Assignment: Each entry must be copied exactly, without omission.

The data:
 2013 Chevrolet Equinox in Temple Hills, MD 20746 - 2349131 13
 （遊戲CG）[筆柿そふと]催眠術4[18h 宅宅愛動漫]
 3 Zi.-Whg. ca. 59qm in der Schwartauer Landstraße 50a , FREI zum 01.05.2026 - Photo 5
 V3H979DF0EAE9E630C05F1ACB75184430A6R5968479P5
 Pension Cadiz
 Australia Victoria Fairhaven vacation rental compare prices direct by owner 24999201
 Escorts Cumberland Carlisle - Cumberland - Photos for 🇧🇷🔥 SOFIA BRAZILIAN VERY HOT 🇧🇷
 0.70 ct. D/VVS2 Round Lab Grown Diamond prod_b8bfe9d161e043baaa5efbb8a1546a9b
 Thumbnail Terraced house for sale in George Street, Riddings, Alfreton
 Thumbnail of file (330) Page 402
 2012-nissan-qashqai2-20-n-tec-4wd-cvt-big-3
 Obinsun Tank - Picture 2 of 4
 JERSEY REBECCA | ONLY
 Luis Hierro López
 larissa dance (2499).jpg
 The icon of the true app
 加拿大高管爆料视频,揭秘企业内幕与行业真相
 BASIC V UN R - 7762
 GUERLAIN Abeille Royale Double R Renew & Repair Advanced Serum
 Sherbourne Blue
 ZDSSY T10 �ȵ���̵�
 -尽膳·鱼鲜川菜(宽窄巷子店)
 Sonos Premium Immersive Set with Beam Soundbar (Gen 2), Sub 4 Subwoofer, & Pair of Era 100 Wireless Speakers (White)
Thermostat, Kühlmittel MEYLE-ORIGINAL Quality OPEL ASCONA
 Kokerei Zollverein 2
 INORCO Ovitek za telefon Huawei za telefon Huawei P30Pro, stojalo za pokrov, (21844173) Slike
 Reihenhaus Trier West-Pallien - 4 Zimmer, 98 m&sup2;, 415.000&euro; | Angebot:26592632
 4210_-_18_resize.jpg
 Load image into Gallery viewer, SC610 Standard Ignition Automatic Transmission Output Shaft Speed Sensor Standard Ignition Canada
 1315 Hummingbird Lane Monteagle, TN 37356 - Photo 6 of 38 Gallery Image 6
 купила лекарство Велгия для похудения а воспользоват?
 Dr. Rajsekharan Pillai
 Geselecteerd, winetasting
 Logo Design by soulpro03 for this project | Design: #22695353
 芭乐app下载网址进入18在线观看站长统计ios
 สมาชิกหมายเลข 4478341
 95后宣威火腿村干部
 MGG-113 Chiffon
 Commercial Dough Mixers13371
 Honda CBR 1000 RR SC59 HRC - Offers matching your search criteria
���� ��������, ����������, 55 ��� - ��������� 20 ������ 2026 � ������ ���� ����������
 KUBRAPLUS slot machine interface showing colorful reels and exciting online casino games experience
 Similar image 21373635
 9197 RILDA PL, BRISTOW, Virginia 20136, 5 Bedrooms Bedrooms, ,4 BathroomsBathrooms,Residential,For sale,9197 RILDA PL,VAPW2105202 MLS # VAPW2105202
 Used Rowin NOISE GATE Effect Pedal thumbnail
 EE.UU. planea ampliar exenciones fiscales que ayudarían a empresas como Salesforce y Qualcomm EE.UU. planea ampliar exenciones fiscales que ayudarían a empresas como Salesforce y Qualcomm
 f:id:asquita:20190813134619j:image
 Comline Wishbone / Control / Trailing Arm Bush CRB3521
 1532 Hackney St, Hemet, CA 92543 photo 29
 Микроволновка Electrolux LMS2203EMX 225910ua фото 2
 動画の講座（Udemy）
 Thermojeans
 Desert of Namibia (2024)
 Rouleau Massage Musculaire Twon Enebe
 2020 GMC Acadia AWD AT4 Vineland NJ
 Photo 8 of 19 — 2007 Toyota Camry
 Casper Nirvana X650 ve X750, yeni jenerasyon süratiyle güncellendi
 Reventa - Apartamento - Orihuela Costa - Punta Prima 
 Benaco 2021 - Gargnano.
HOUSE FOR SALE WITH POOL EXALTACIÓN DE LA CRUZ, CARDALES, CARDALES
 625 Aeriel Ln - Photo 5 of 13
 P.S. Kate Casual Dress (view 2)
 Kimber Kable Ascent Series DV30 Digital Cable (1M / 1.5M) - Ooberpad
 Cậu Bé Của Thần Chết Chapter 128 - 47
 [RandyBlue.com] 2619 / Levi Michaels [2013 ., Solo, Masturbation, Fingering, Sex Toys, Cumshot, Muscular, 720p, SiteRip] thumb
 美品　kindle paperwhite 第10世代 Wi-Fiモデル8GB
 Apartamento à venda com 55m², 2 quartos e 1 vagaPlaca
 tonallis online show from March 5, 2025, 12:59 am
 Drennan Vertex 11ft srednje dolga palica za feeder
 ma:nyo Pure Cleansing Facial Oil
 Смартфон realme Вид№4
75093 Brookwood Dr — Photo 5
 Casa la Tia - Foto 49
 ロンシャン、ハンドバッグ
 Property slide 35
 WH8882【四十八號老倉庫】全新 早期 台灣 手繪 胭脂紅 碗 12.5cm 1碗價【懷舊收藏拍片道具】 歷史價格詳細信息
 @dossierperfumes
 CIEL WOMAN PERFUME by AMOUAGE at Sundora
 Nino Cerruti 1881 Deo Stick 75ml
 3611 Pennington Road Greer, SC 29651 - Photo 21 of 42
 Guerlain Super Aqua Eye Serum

Solution to the exercise:
 2013 Chevrolet Equinox in Temple Hills, MD 20746 - 2349131 13
 （遊戲CG）[筆柿そふと]催眠術4[18h 宅宅愛動漫]
 3 Zi.-Whg. ca. 59qm in der Schwartauer Landstraße 50a , FREI zum 01.05.2026 - Photo 5
 V3H979DF0EAE9E630C05F1ACB75184430A6R5968479P5
 Pension Cadiz
 Australia Victoria Fairhaven vacation rental compare prices direct by owner 24999201
 Escorts Cumberland Carlisle - Cumberland - Photos for 🇧🇷🔥 SOFIA BRAZILIAN VERY HOT 🇧🇷
 0.70 ct. D/VVS2 Round Lab Grown Diamond prod_b8bfe9d161e043baaa5efbb8a1546a9b
 Thumbnail Terraced house for sale in George Street, Riddings, Alfreton
 Thumbnail of file (330) Page 402
 2012-nissan-qashqai2-20-n-tec-4wd-cvt-big-3
 Obinsun Tank - Picture 2 of 4
 JERSEY REBECCA | ONLY
 Luis Hierro López
 larissa dance (2499).jpg
 The icon of the true app
 加拿大高管爆料视频,揭秘企业内幕与行业真相
 BASIC V UN R - 7762
 GUERLAIN Abeille Royale Double R Renew & Repair Advanced Serum
 Sherbourne Blue
 ZDSSY T10 �ȵ���̵�
 -尽膳·鱼鲜川菜(宽窄巷子店)
 Sonos Premium Immersive Set with Beam Soundbar (Gen 2), Sub 4 Subwoofer, & Pair of Era 100 Wireless Speakers (White)
Thermostat, Kühlmittel MEYLE-ORIGINAL Quality OPEL ASCONA
 Kokerei Zollverein 2
 INORCO Ovitek za telefon Huawei za telefon Huawei P30Pro, stojalo za pokrov, (21844173) Slike
 Reihenhaus Trier West-Pallien - 4 Zimmer, 98 m&sup2;, 415.000&euro; | Angebot:26592632
 4210_-_18_resize.jpg
 Load image into Gallery viewer, SC610 Standard Ignition Automatic Transmission Output Shaft Speed Sensor Standard Ignition Canada
 1315 Hummingbird Lane Monteagle, TN 37356 - Photo 6 of 38 Gallery Image 6
 купила лекарство Велгия для похудения а воспользоват?
 Dr. Rajsekharan Pillai
 Geselecteerd, winetasting
 Logo Design by soulpro03 for this project | Design: #22695353
 芭乐app下载网址进入18在线观看站长统计ios
 สมาชิกหมายเลข 4478341
 95后宣威火腿村干部
 MGG-113 Chiffon
 Commercial Dough Mixers13371
 Honda CBR 1000 RR SC59 HRC - Offers matching your search criteria
���� ��������, ����������, 55 ��� - ��������� 20 ������ 2026 � ������ ���� ����������
 KUBRAPLUS slot machine interface showing colorful reels and exciting online casino games experience
 Similar image 21373635
 9197 RILDA PL, BRISTOW, Virginia 20136, 5 Bedrooms Bedrooms, ,4 BathroomsBathrooms,Residential,For sale,9197 RILDA PL,VAPW2105202 MLS # VAPW2105202
 Used Rowin NOISE GATE Effect Pedal thumbnail
 EE.UU. planea ampliar exenciones fiscales que ayudarían a empresas como Salesforce y Qualcomm EE.UU. planea ampliar exenciones fiscales que ayudarían a empresas como Salesforce y Qualcomm
 f:id:asquita:20190813134619j:image
 Comline Wishbone / Control / Trailing Arm Bush CRB3521
 1532 Hackney St, Hemet, CA 92543 photo 29
 Микроволновка Electrolux LMS2203EMX 225910ua фото 2
 動画の講座（Udemy）
 Thermojeans
 Desert of Namibia (2024)
 Rouleau Massage Musculaire Twon Enebe
 2020 GMC Acadia AWD AT4 Vineland NJ
 Photo 8 of 19 — 2007 Toyota Camry
 Casper Nirvana X650 ve X750, yeni jenerasyon süratiyle güncellendi
 Reventa - Apartamento - Orihuela Costa - Punta Prima 
 Benaco 2021 - Gargnano.
HOUSE FOR SALE WITH POOL EXALTACIÓN DE LA CRUZ, CARDALES, CARDALES
 625 Aeriel Ln - Photo 5 of 13
 P.S. Kate Casual Dress (view 2)
 Kimber Kable Ascent Series DV30 Digital Cable (1M / 1.5M) - Ooberpad
 Cậu Bé Của Thần Chết Chapter 128 - 47
 [RandyBlue.com] 2619 / Levi Michaels [2013 ., Solo, Masturbation, Fingering, Sex Toys, Cumshot, Muscular, 720p, SiteRip] thumb
 美品　kindle paperwhite 第10世代 Wi-Fiモデル8GB
 Apartamento à venda com 55m², 2 quartos e 1 vagaPlaca
 tonallis online show from March 5, 2025, 12:59 am
 Drennan Vertex 11ft srednje dolga palica za feeder
 ma:nyo Pure Cleansing Facial Oil
 Смартфон realme Вид№4
75093 Brookwood Dr — Photo 5
 Casa la Tia - Foto 49
 ロンシャン、ハンドバッグ
 Property slide 35
 WH8882【四十八號老倉庫】全新 早期 台灣 手繪 胭脂紅 碗 12.5cm 1碗價【懷舊收藏拍片道具】 歷史價格詳細信息
 @dossierperfumes
 CIEL WOMAN PERFUME by AMOUAGE at Sundora
 Nino Cerruti 1881 Deo Stick 75ml
 3611 Pennington Road Greer, SC 29651 - Photo 21 of 42
 Guerlain Super Aqua Eye Serum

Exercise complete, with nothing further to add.